The often altruistic-investment coaches make in themselves is a long-standing baseball tradition. Aspiring coaches often must pay their dues before they can pay the bills. Working camps or leading summer clubs in tiny Iowa towns over the summer is typically a vital step in advancing their career.

“After being the volunteer assistant at UC San Diego for three years, that was how I survived was lessons and running our camps,” explained Jeff Calhoon who is the head coach at Biola, a private D-II school in Southern California. “I know that for me I wouldn’t have been able to keep just doing baseball … Our staff is being creative, they’re looking for something in town that they can do, like stocking shelves at Costco or the local grocery store just to try to find a bit of bonus money in case camps don’t happen.

“I feel a lot for the volunteer assistants who were banking on camp to pay their rent or counting on eight lessons a week to make rent or whatever it is and now they don’t have that.”

The need to make ends meet by picking up supplemental work isn’t just limited to assistant coaches. Shevchik has spent over a decade as a summer ball manager in New England in both the New England Collegiate Baseball League and Cape Cod Baseball League. He counts on the summer paychecks as a part of his annual income.

“It’s going to hurt a lot of coaches that the stimulus package and unemployment doesn’t cover,” he explained. “I know I count on it. I count on my salary in the summer of coaching in the Cape to get through the entire year. I’m watching this thing very, very closely and hoping we get back to baseball at some point.”

The COVID-19 cancelations haven’t just taken a financial burden on coaches. Adapting and overcoming in response to having their seasons cut short or eliminated altogether has required them to become de-facto counselors and take an emotional toll as well.
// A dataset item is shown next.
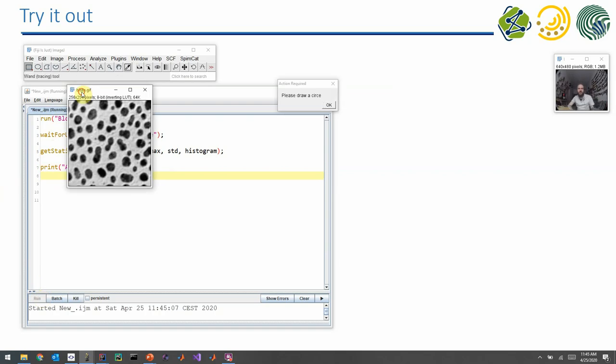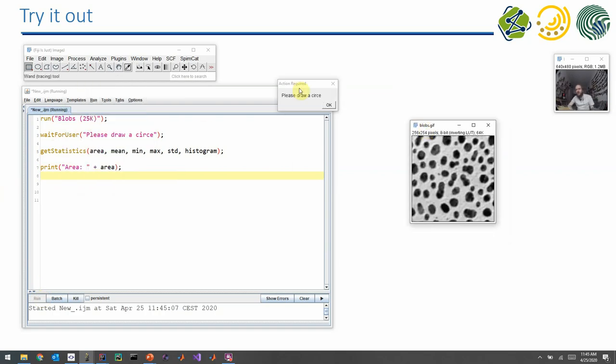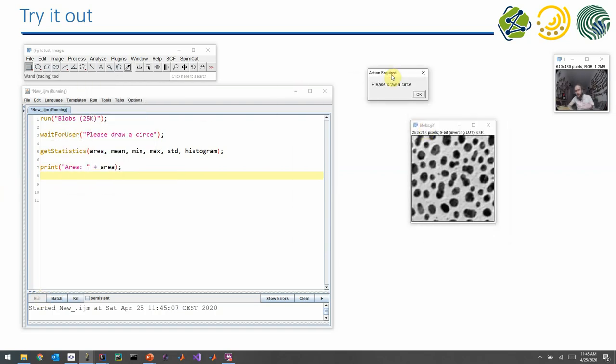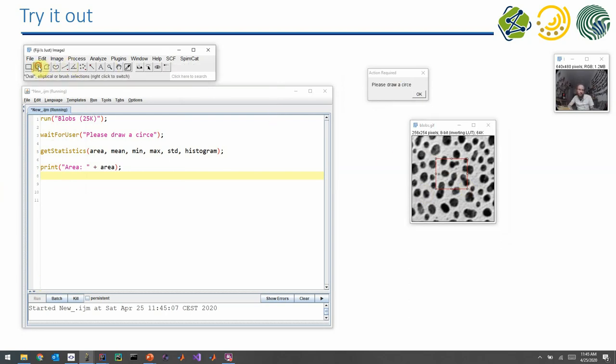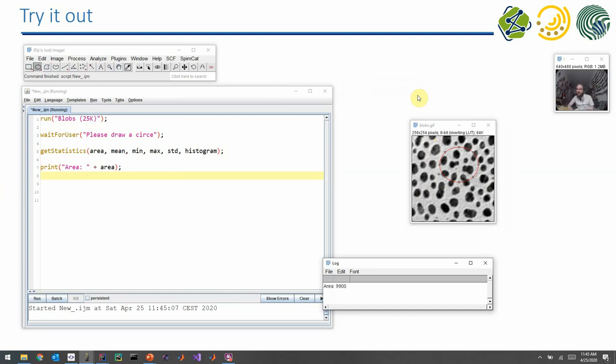And you can see now here that the image opened, and the program asks me to do something, and I can draw my circle if I select the right tool. And it will then print out the area. In this case, the area is the number of pixels within this circle.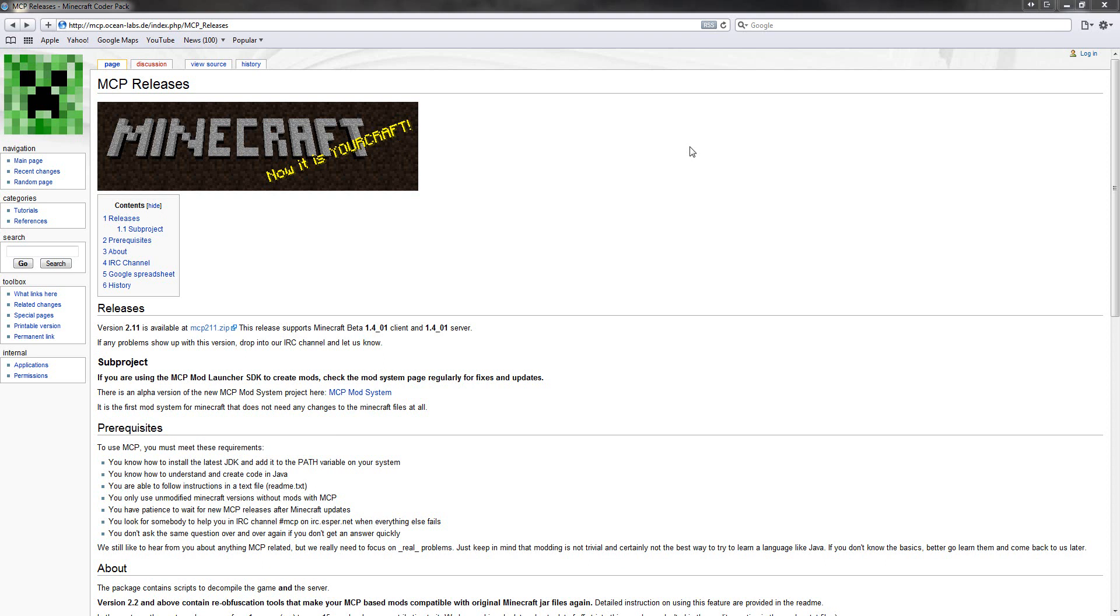In this tutorial I'm going to show you how to install MCP Minecraft Coder Pack which will allow you to make mods for Minecraft and also multiplayer.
McCabe was preparing to take his team to Sacramento early the next morning when he learned the series had been called off due to virus concerns. At the time he anticipated they’d simply regroup as a team a couple of days later, but the opportunity never came. Much of team had gone home for spring break after their trip was canceled.

As the situation unfolded exponentially students were prohibited from returning to campus. Instead they started taking virtual classes and his Redhawks were scattered across the country and beyond.

“I’m doing exit meetings over the phone right now and calling the Dominican and Washington and Oregon,” McCabe lamented. “I’m thinking the 2020 team will never be together again.”

Regardless of their personal circumstances and situations, it seems unanimous that college coaches have been unequivocally focused on the athletes rather than themselves.

“The players are the most important thing in all of this,” Calhoon affirmed. “If something were to happen to one of them or someone in their family because they came to a game, that’d be something I don’t think I could live through. I couldn’t live with the conscious of that. We’re responsible for taking care of these kids and they are our family.”

Shevchik perhaps simply summed up the situation best.

“There’s a lot of coaches and probably a lot of players going forward that are going to not take baseball and the opportunity to play college baseball for granted.”

For the players and coaches of the game, hopefully that will happen soon.